More to the point, there’s the safety of ourselves, loved ones, friends and strangers amid warnings from intensive care physicians that more contagious and infectious variants were landing more younger adults in hospital intensive care units than during the first two waves — and grim statistics about an increase in previously healthy people dying at home with COVID-19 because they didn’t recognize its fast-moving increase in severity.
There are forecasts the B.1.617 variant will eventually dominate here, with Premier Doug Ford acknowledging Friday “we’re in a race” to beat it back with vaccines.
“It is the big kid on the block ... it is on the rise,” warned Colin Furness, an infection control epidemiologist at the University of Toronto.
As public health restrictions ease with increasing vaccination levels and lower case counts, people who are not vaccinated will remain at risk, particularly in occupational or geographic pockets where they gather in larger numbers, he added. “That’s where you’re going to have trouble, where you’re going to have big, ugly outbreaks,” said Furness.
My friend, who was granted anonymity to preserve her privacy, caught the virus last fall and was home for a week after testing positive.
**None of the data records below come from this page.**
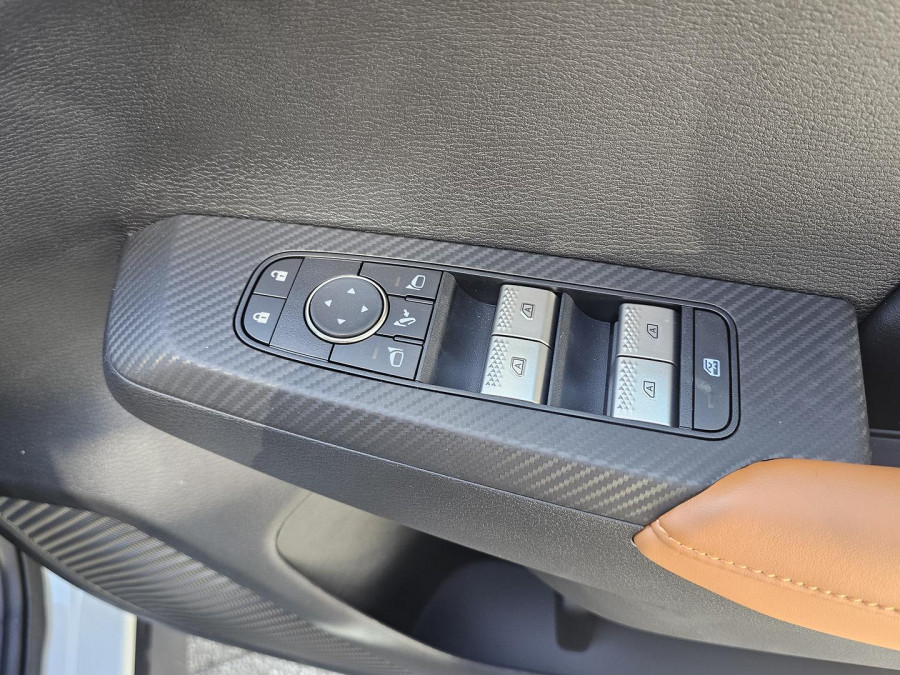 2024 Mitsubishi Outlander ZM PHEV Exceed Tourer SUV Image 21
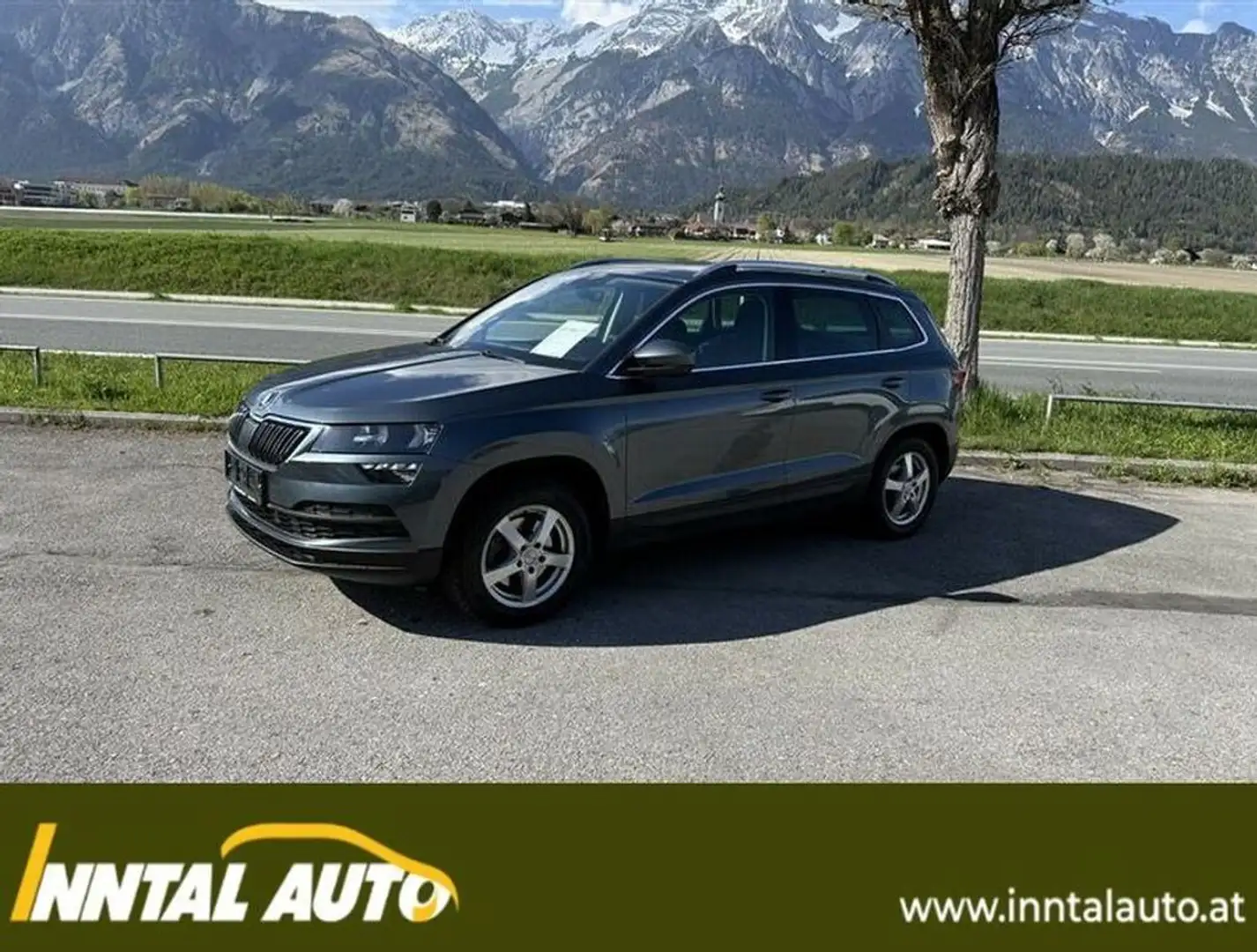 Skoda Karoq Ambition 125 4x4 Grau - 1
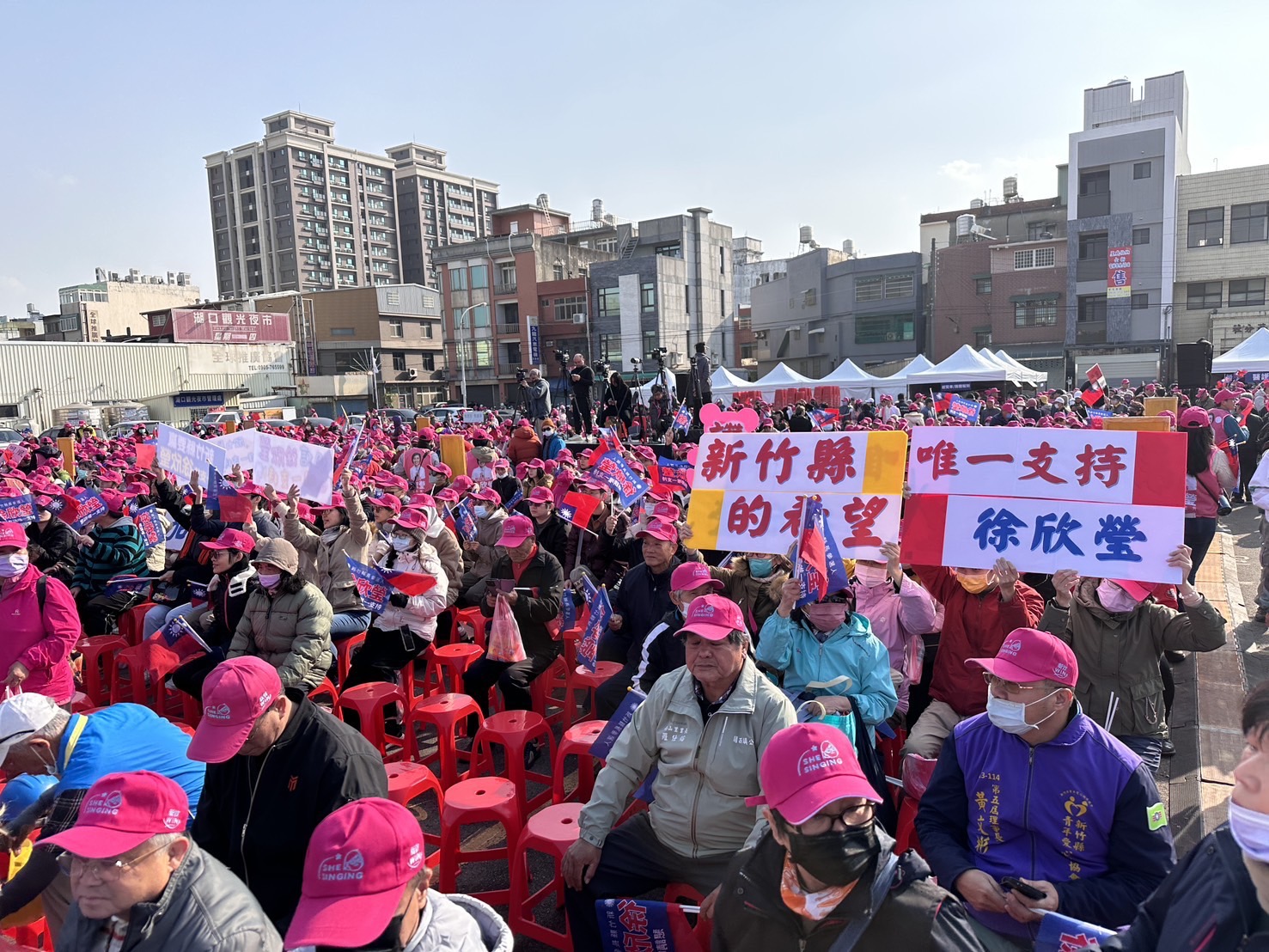 藍委徐欣瑩11日舉辦誓師大會，吸引多位支持者參加。圖/記者陳思豪攝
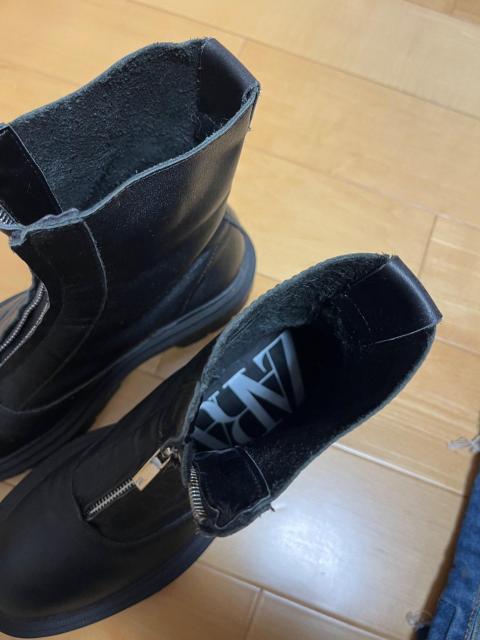 ZARA フロントジップ厚底ショートブーツ < ブランド ZARA フロントジップ厚底ショートブーツ < ブランドの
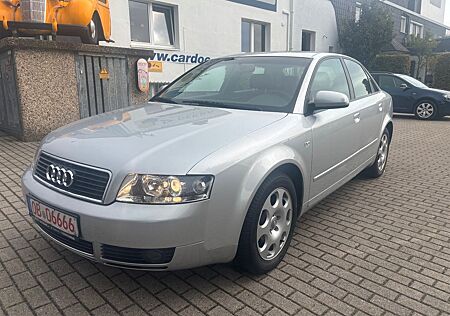 Audi A4 2.0 FSI Automatik Klimaautomatik wenig KM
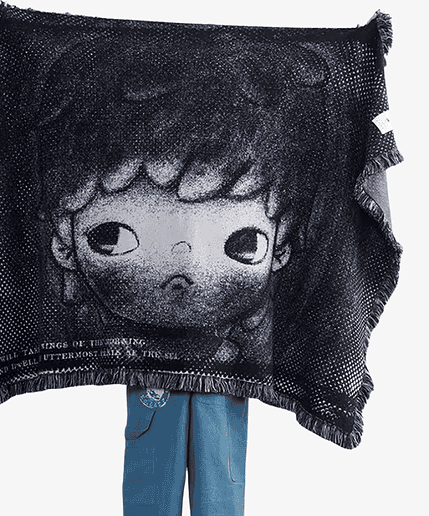 Hirono Blues Throw Blanket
Symptoms began with a “weird” headache.
“I very rarely get sick, but I was getting sicker and sicker,” she recalled, thankful her husband did not catch the virus. “It was the nausea. I couldn’t eat, I couldn’t sleep.”
At the end of the week, on a daily quarantine check-in call with public health, the nurse decided to send an ambulance.
“I felt if they could just get some fluids in me, I could beat this,” said my friend.
Not quite. A chest MRI revealed “COVID pneumonia.” Badly congested lungs, but with no telltale cough.
“What if we hadn’t called an ambulance and I hadn’t gone to hospital to get the steroids? Would I have been one of those people who just unwittingly, their oxygen level went down so far, that I died in my home or had to go to the hospital and go right on a ventilator?” she wondered.
“That never occurred to me at the time, but, looking back, I’m terrified at how scary that really was.”
My friend and I, both fully vaccinated, can now reflect on the fear of this pandemic year from a position of relative safety. For us, it’s nearly over. And if the rollout works and enough of us do our part, it won’t be long before it’s over for us all.